Assignment
Each line of the data below between the one containing "Quartiers LGBTQ+ de" and the one containing "2927 Forest Hills Circle", both included, is to be repeated exactly. Please omit pictures.

Data for processing
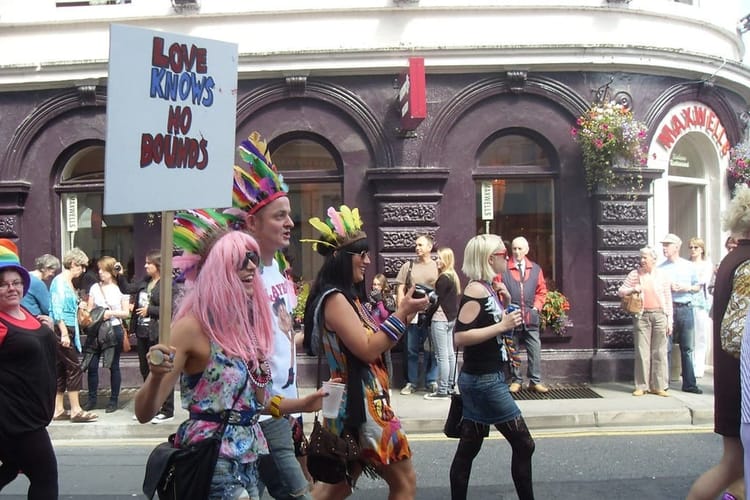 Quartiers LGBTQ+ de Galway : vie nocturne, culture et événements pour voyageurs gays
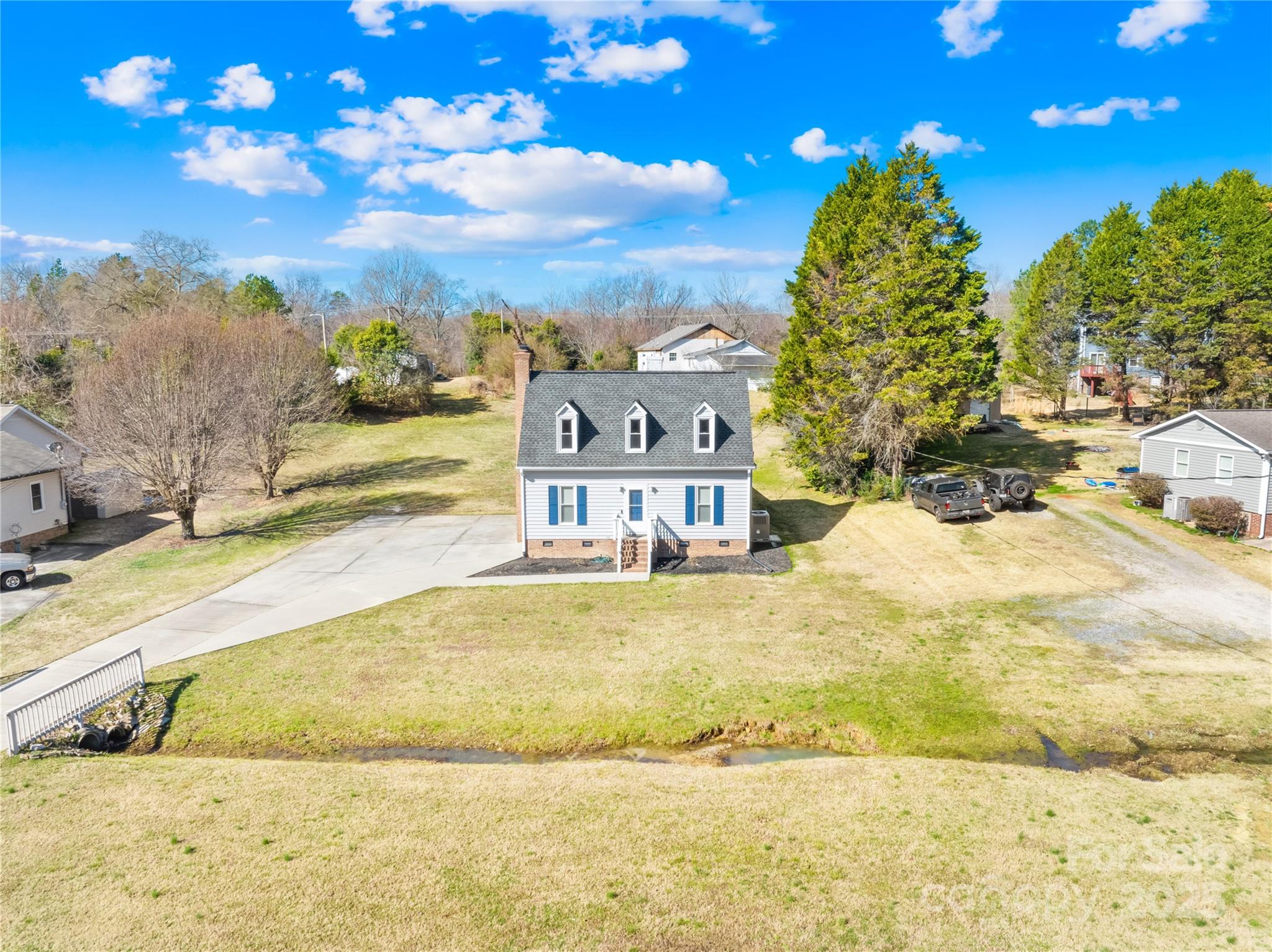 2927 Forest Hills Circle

---

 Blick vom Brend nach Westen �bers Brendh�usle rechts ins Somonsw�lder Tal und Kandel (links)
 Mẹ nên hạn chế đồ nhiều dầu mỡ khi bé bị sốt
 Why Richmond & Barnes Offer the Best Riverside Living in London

--

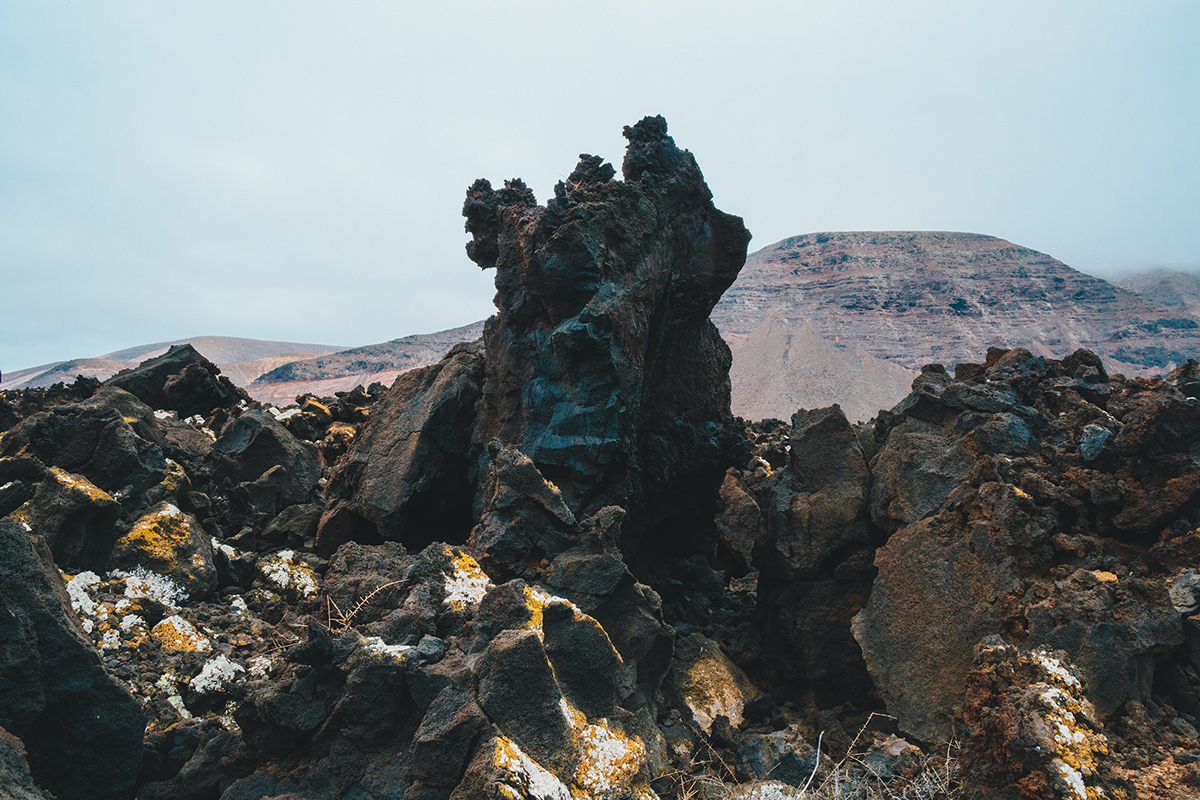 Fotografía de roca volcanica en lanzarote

Expected answer
 Quartiers LGBTQ+ de Galway : vie nocturne, culture et événements pour voyageurs gays
 2927 Forest Hills Circle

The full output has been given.